Beginning at the end of the seventeenth century, women and children played a central role in the burgeoning Irish textile industry. Explanation of their extensive presence requires attention to the intersection of class and gender stratification and the accumulation of profit. Since women and children were culturally defined as dependent on adult males, their labor was paid less than men's, and the cheap labor pool they supplied both increased employers' profits and frequently retarded technological innovations.

The Proto-Industrial Period, 1690–1825

Between 1690 and 1825 the Irish textile industry gained prominence. Although debate exists about the consequences of the British Woolen Act of 1698 that prohibited the export of Irish woolen goods to foreign ports, the production of frieze and old drapery expanded in many southeastern Irish towns. The division of labor in domestic wool production was typical of the Irish textile industry: Men wove cloth, women carded and washed raw wool and spun yarn, and children picked the wool, wound bobbins, and filled shuttles. A few women, mostly widows, were clothiers responsible for the organization of production and the marketing of cloth. L. A. Clarkson's evidence from Carrick-on-Suir, Co. Tipperary, shows that in 1799, 65 percent of employed females produced textiles, compared with 24 percent of employed males.
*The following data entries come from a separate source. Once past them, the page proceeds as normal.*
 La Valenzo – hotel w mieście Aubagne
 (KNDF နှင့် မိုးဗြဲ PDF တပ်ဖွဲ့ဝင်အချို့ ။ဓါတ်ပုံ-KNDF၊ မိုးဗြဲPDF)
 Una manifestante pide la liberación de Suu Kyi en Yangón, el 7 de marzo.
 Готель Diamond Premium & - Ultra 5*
Narrow or bandle linen had been produced by women for centuries. However, linen's rapid commercial expansion after 1696 was dependent on duty-free access to English markets. In the proto-industrial period linen yarn and cloth were produced by a stratified class of tenant farmers who combined the production of yarn and cloth with small-scale farming. The male household head worked the land while his sons wove cloth and helped during harvest season. If a household lacked sons, journeymen, apprentice weavers, or extended kin were employed. Women and children helped to harvest and prepare the flax, spun it into yarn to be woven or sold, and wound yarn onto bobbins. Women were responsible for domestic tasks such as childcare, cooking and cleaning, and spun when they had spare time. Spinning was so important that often kin or itinerant spinners were hired to spin for a weaver in return for board, lodging, or a small wage.
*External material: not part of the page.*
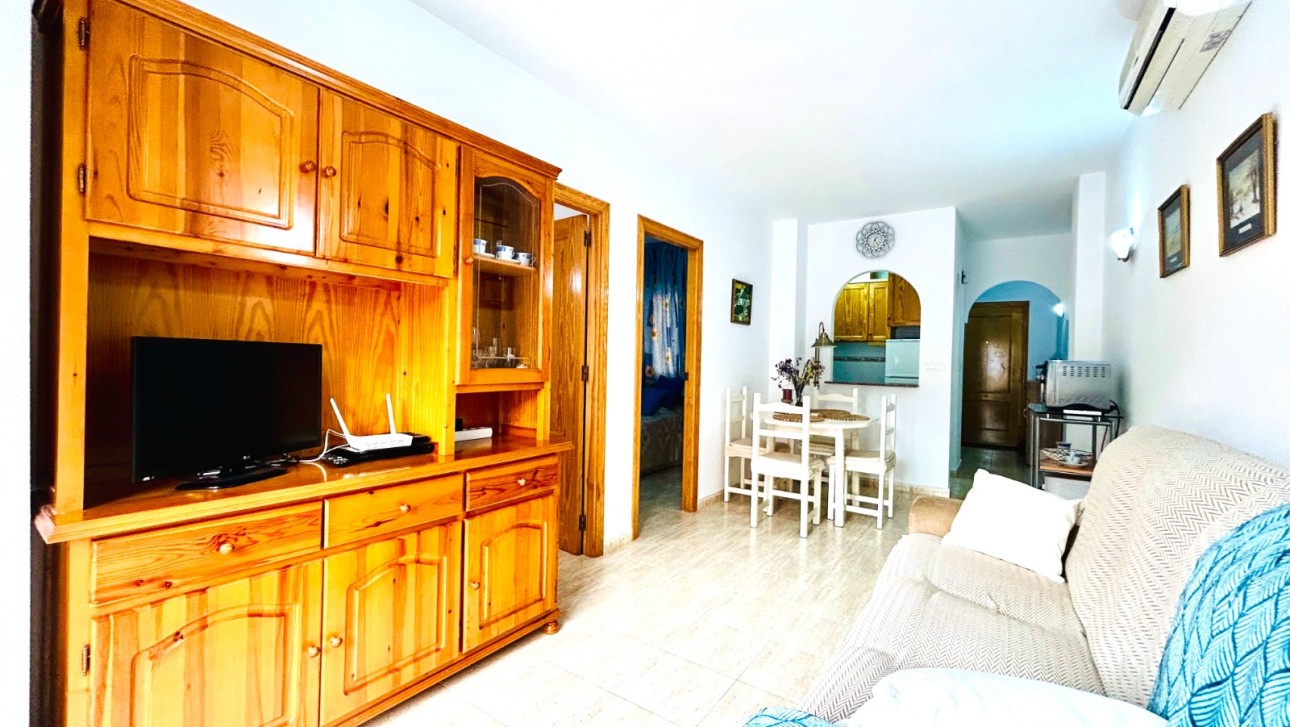 Resale - Apartment - Torrevieja - Centro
Technological innovations in this period affected the sexual division of labor. Early in the eighteenth century women bleached linen cloth, but in the 1730s bleaching and finishing were the first processes to be centralized by capitalists who invested in time-saving technology that came to be used by men. Although male children were employed at open-air bleachgreens, relatively few women were. Similarly, seasonal water-powered flax-scutching mills multiplied in the late eighteenth century; women and children often performed ancillary tasks such as bruising, rolling, and stricking of flax for male scutchers. Such tasks posed persistent dangers owing to dust and unfenced machinery. Finally, after the introduction of the flying shuttle in 1808, women (typically, young daughters) increasingly turned to linen weaving.

Yarn spinning always had a commercial side linked to demands for yarn by weavers in the northeast of Ireland and for warp by cotton weavers in Lancashire, England. Although women's earnings helped to pay the family's rent or to lease larger plots of land, spinning was poorly remunerated and of lower status than weaving. Spinners earned from three to six pence per day, and weavers earned from one to five shillings, depending on demand and the type of cloth. Labor in Ireland was cheap because agrarian households absorbed part of the cost of reproducing their labor by leasing land to grow food and flax. Jane Gray (1993) argues that the cheap labor of spinners was integral to uneven capitalist development because merchants profited from buying cheap yarn in the western counties and selling it to manufacturers in northeast Ulster.

In the 1770s and 1780s the semiautonomous Irish Parliament acted to encourage and protect the cotton manufacture that had expanded in the Belfast vicinity. From its inception, cotton-yarn spinning was located in factories, with machinery powered by water or steam, and relied on cheap female and child labor. The Irish cotton industry was more heavily dependent on female labor than was the English industry: the male-to-female ratio in Belfast was 1:2, and in Lancashire, 1:1. The wages of women and children were also lower—in 1833 wages were 72 percent of those in Lancashire (O'Hearn 1994).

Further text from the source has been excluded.